GDD™: Hey Keith, thanks a bunch for taking the time out of your busy schedule for an interview, I know that you are a very busy man. Also, I just want to say that I am a huge fan.
SA: No problem at all and much appreciation. I’m actually quite a fan of the blog as well so I feel pretty privileged to be doing this interview.
GDD™: Let’s get right to it, I have noticed that you have played a bunch of shows in BC, any plans for a trip to the states?
SA: Most definitely. I think it’s within every artist from Canada’s plan to break through to the states. The market is huge and the genre itself seems to be taking a tight hold over all the people that are interested in it in North America, creating this big movement that seems to have no real signs of slowing down.
GDD™: I agree, I don’t see any end in sight for the dubstep movement. I know this is a tough one, but what is your favorite show you have ever played? Also, what was the best show you ever attended?
SA: The best show I played myself was the time I opened for Datsik in August. Everyone got there early, the energy was unbelievable from start to finish and it wasn’t only the first big show I had played with a new promotion company but it was also the first time I got to play out Human Error before I gave it out. The best show I have ever attended, however, was Shambhala. It’s an outdoor music festival near Nelson, BC that brings thousands of like-minded people in one beautiful place to experience some of the best music out there. A lot of people will probably recognize the name from Excision’s yearly set and I encourage anyone thinking about going to quit hesitating and go. It’s nuts.
GDD™: Although dubstep started in the UK, it has certainly become a worldwide movement, with artists emerging all over the world.
In Canada you have two of my favorite names, Datsik and Zeds Dead, how has the scene in Canada particularly influenced you?
SA: It’s influenced me immensely. Artists like Downlink, Datsik (as you said), and Excision have been huge inspirations and catalysts for pushing myself to create bigger and badder sounds.

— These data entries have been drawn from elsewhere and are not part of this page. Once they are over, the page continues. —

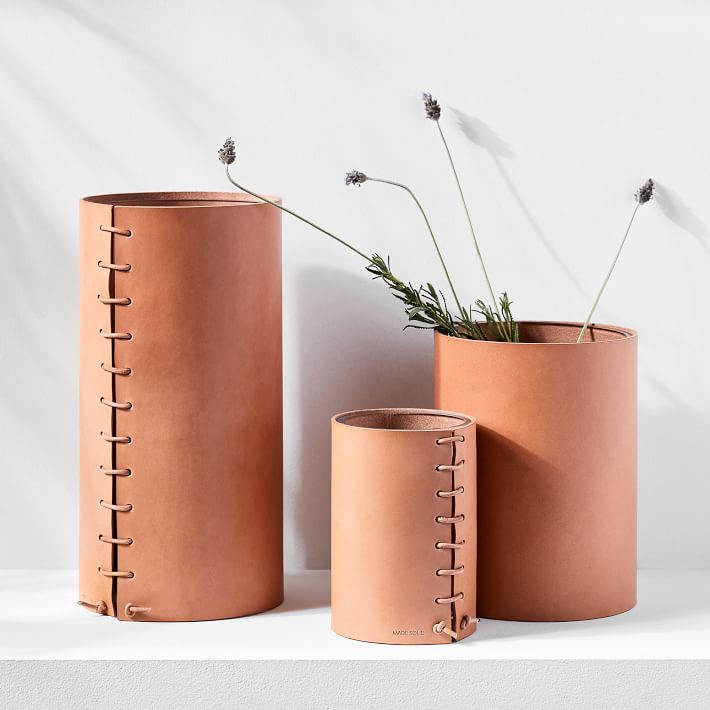 three leather-wrapped vases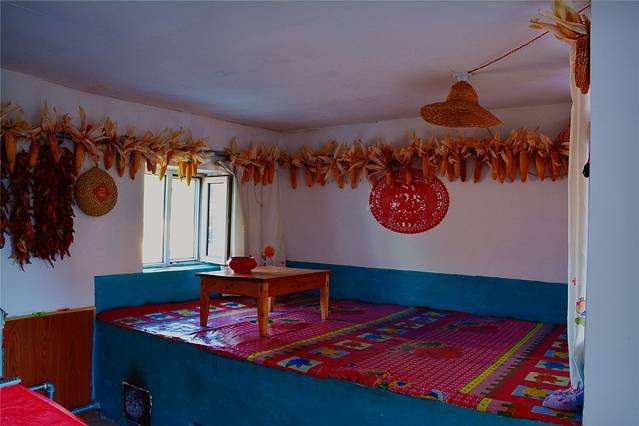 东北人为什么喜欢睡“火炕”，这种习俗源于何时？有何历史渊源？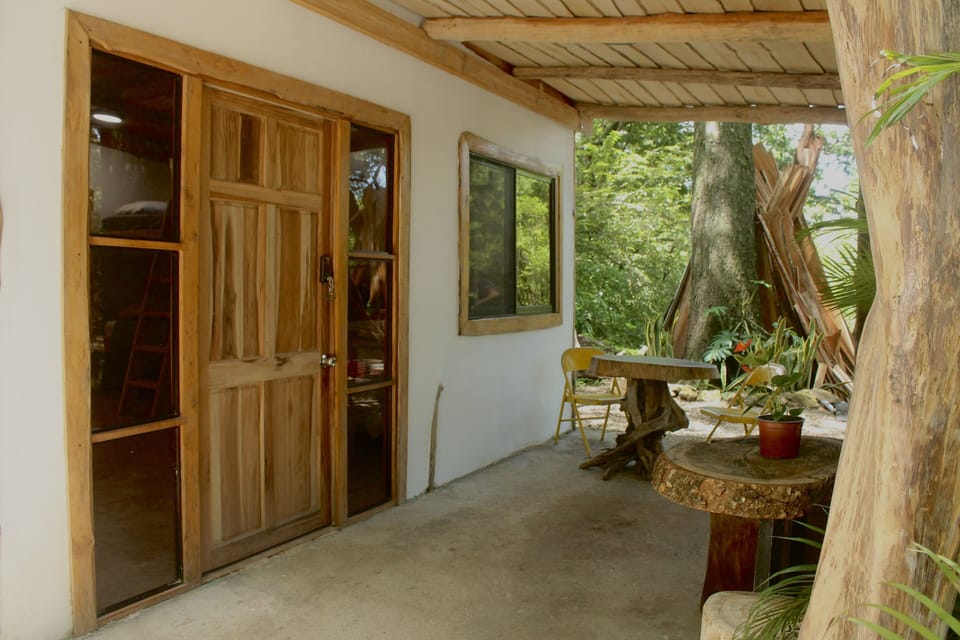 The front porch includes a hammock where you can relax and watch hummingbirds.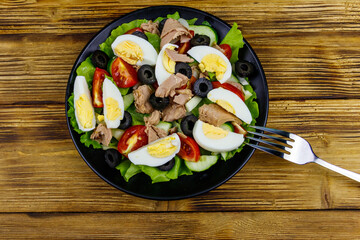 Tasty tuna salad with lettuce, black olives, eggs and fresh vegetables on wooden table. Top view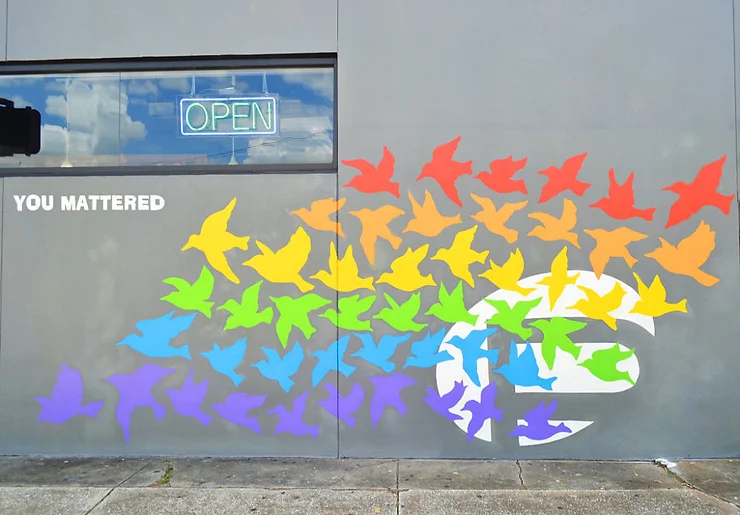 A vibrant mural on a gray wall featuring a swarm of colorful birds in red, orange, yellow, green, blue, and purple. the words "you mattered" are displayed above in white text.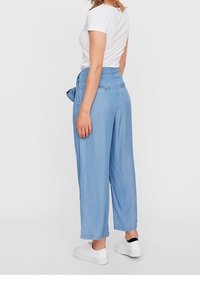 Ljusblå, vida byxor i denim. Har en mjuk textur, en knytbelten, fickor och en avslappnad passform. Matchas med vita sneakers.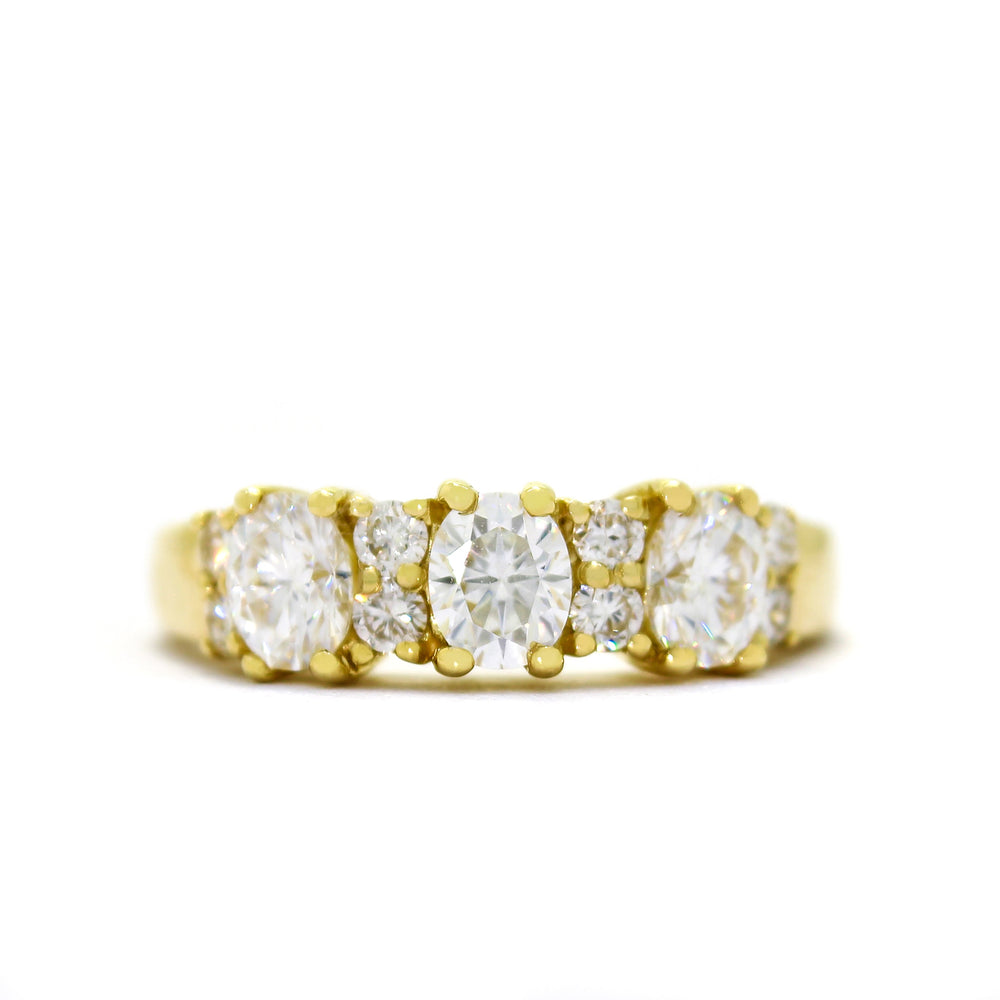 A product photo of a bold and lavish moissanite and diamond ring in 9k yellow gold. The ring is made up of three large oval moissanite stones, while 2 diamonds fill the spaces between and on either side of the moissanites- to a total of 0.32ct for 8 diamonds.
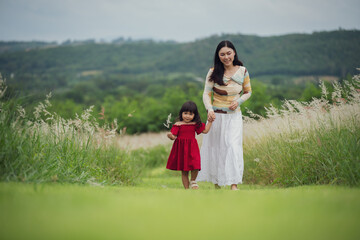 happy mother walking with her toddler girl on grass field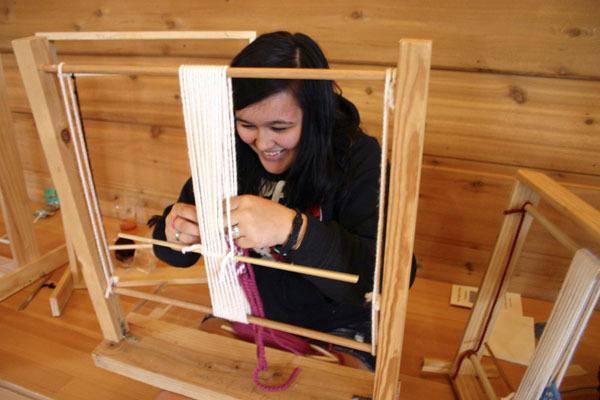 Natalie Fulton of Port Gamble/S'Klallam learns to weave a wool headband at the annual Northwest Native American Basketweavers gathering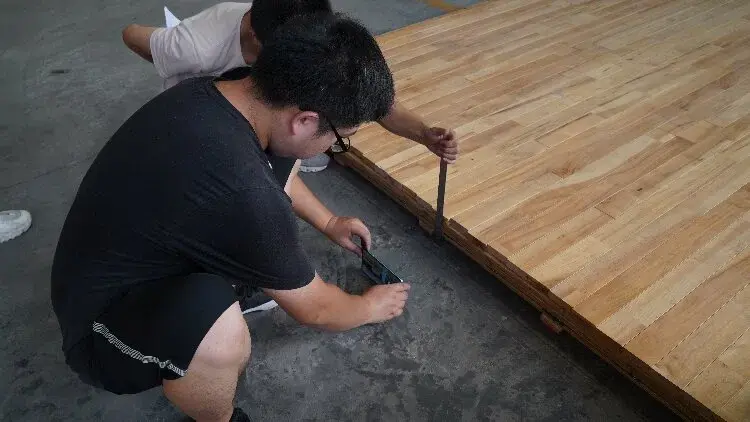 Staff members inspect the thickness of the sports wood flooring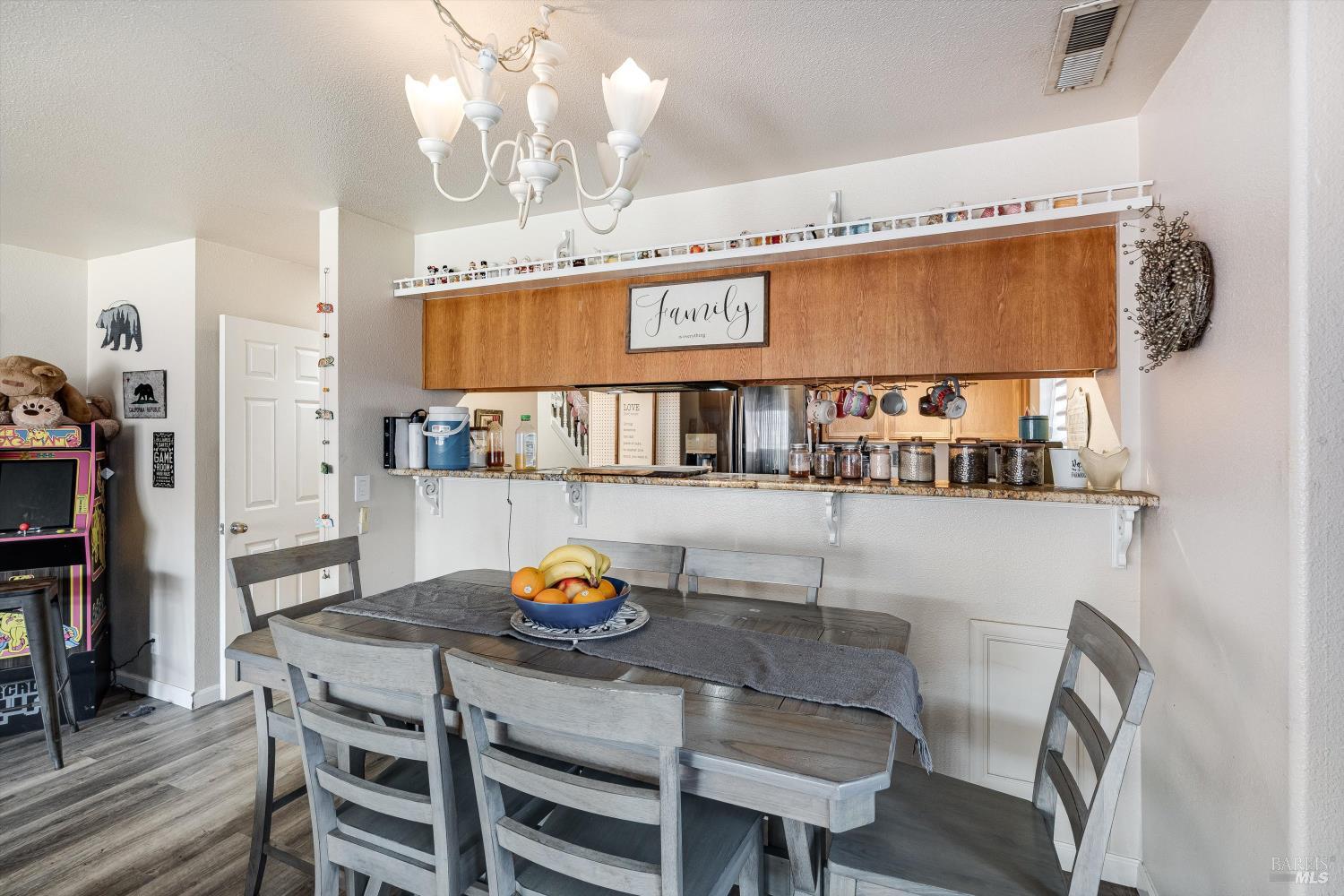 590 Laurel Grove Circle Santa Rosa, CA 95407 - Photo 33 of 44 a view of a dining room with furniture and wooden floor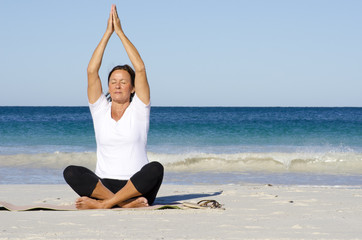 Fototapeta na wymiar Meditating, relaxing, exercising woman at beach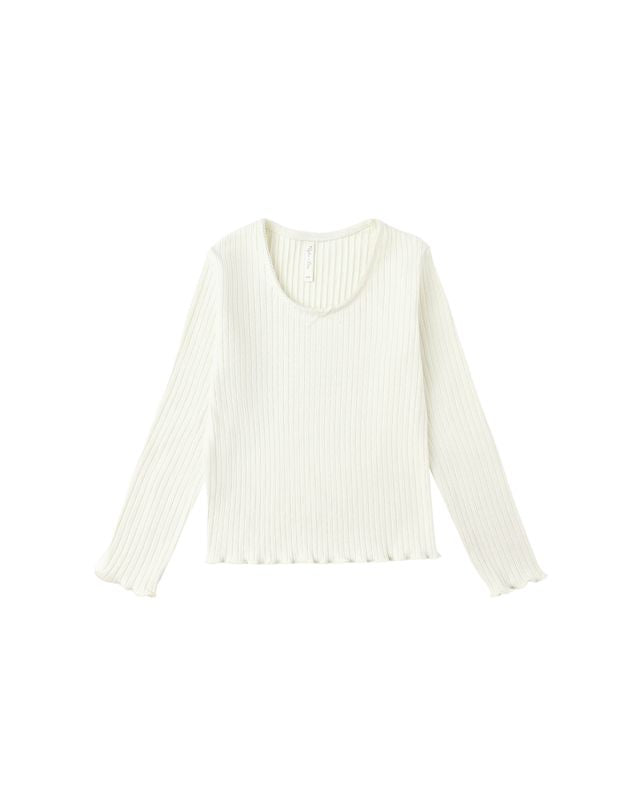 White ribbed top on a white background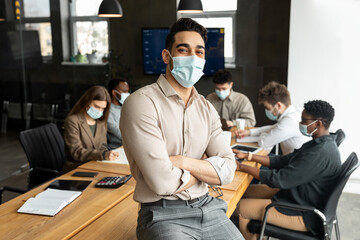 Young arab businessman in mask sitting on desk and posing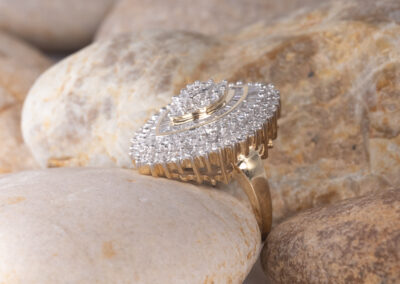 A 14 Karat Yellow Gold White Stone Tennis Bracelet with Diamonds on top of Rocks.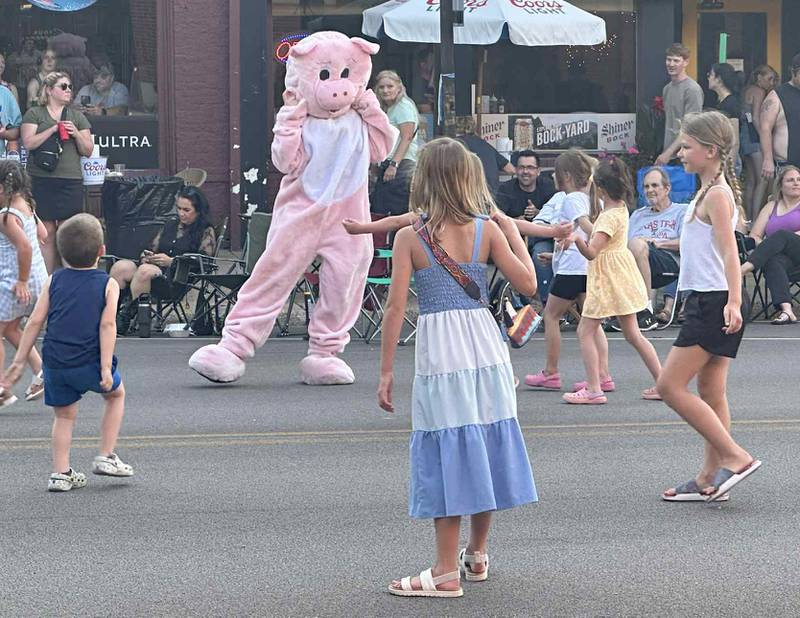 A pig mascot dances to the music with children during the "Down on Main Street" concert featuring Mae Estes on Friday, June 20, 2025 downtown Princeton.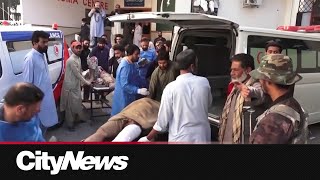 Dozens killed in Pakistan train station bombing [upl. by Hartzel500]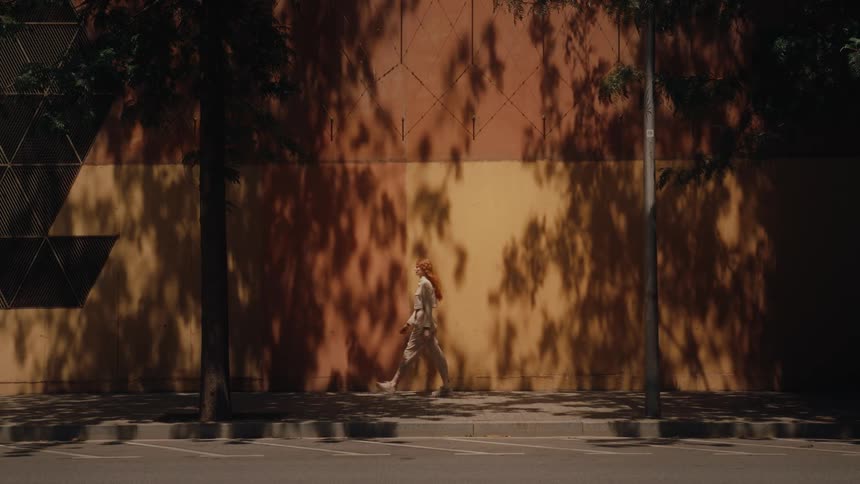 A woman walking on the sidewalk beside a building wall that reflects tree leaves from the sunlight at midday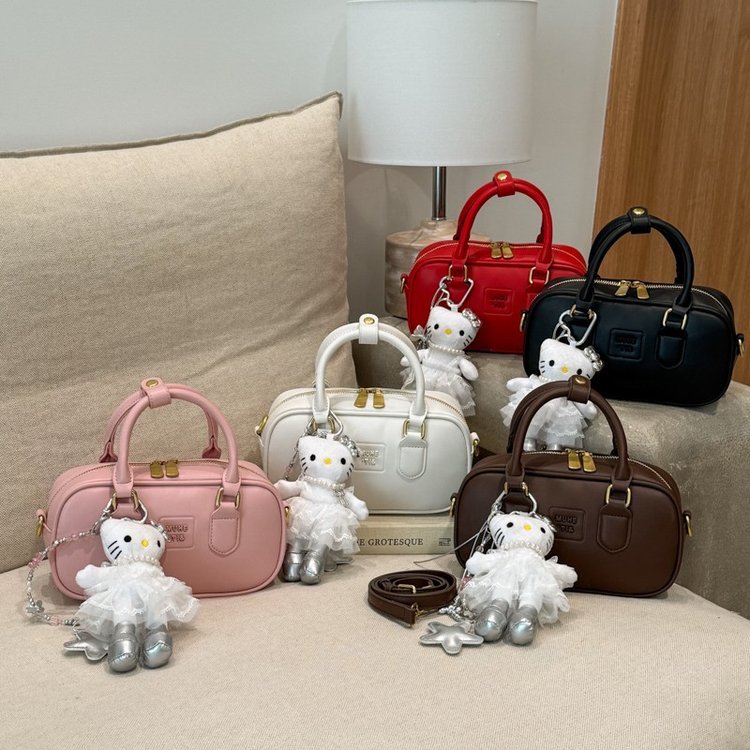 Rounded box bag with external handle tabs · BG-041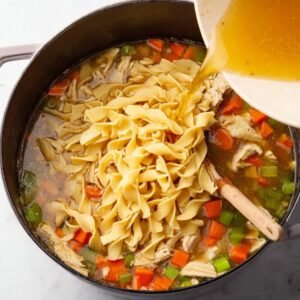 A wide shot of chicken noodle soup being stirred, with chunks of chicken, vegetables, and noodles in a flavorful broth.
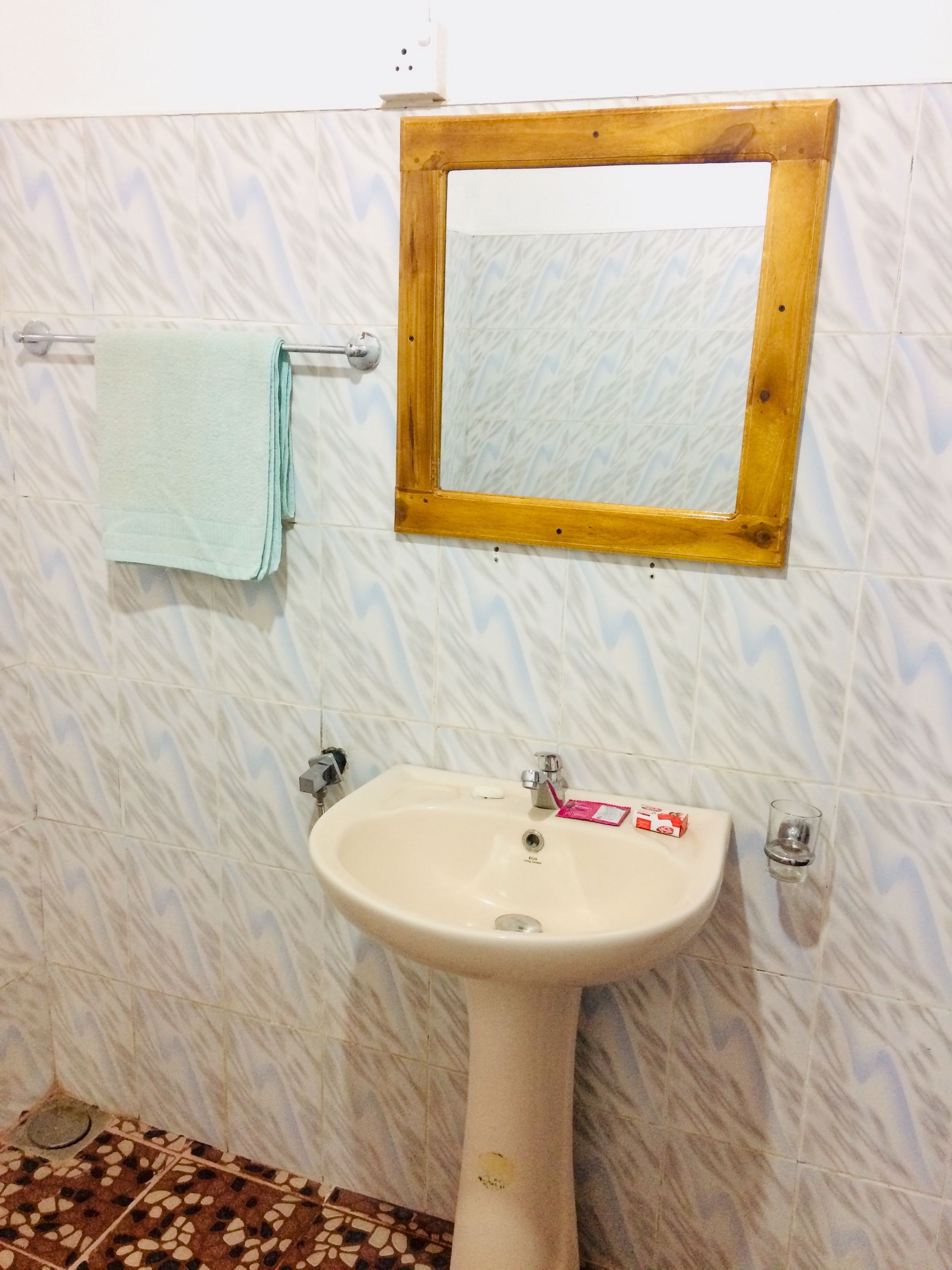 Une salle de bain avec un lavabo blanc, un miroir encadré en bois et une serviette suspendue à un porte-serviettes.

As far as the scene itself, I know that different cities in Canada like Calgary are really feeling the sound and have profound artists coming out of there with their own unique takes on the genre as well. I’m always stoked to hear what other up and coming producers from Canada have to offer as well as other producers from around the world.
GDD™: What do you think is next for dubstep?
SA: Bigger sounds, more record labels and (fortunately or unfortunately depending on the way you look at it) mainstreaming. As all these much poppier, more melodic driven tracks come out, a lot of people who wouldn’t necessarily have taken to the genre before are really starting to like it.. But even then there will still be a place for the people who dig the darker stuff. I don’t think that will ever change.
GDD™:I read that you used to be in a metal band, how has your love for metal influenced your production and what bands in particular influenced you growing up? Furthermore, how did you make the transition from metal band to electronic music?
SA: I love anything really heavy and driving in music right off the bat it seems. I was, and still am, a huge fan of bands like Spawn of Possession, Opeth, Meshuggah etc. I also grew up in a smaller town playing lots of older video games and loving the sounds of all the different synths that were used to make the music for them. I guess it would be the combination of both those things that brought me to electronic music in the end.
GDD™: Oracle is much different than your other tunes, is this an indication of a new direction for Sub Antix?
SA: I wouldn’t say so. I generally produce the kinds of tracks that are similar to the ones I am really feeling to at that moment. When I was making Oracle though I actually intended to make another bigger harsher track but nothing really seemed to compliment the intro. So I went the opposite direction and found something that fit a lot better.
GDD™: Today, there are so many different sounds in dubstep, who, in particular do you think is pushing the scene in a new direction and who would you say is your biggest influence?
SA: Both really tough choices. With all these new releases coming out lately it’s hard to be specific. If I had to pick 3 I would say Skism, Subscape and Flux Pavillion have crazy originality in their own ways and are definitely pushing the genre. As far as my biggest influence I gotta say Reso. Definitely one of the most diverse producers out there and the quality and dynamics of his tracks are continuously insane.
GDD™: We are beginning to see much more dubstep artists performing at raves, and in many dubstep stages have replaced drum n bass stages. Do you think the rave scene will have an effect dubstep?
SA: I think it’s going to become more and more common to hear dubstep at big raves but the key is variety. At huge events like that people value choice, and I would have to say dubstep is a pretty good choice.
GDD™: Thanks again for the interview Keith, best to you.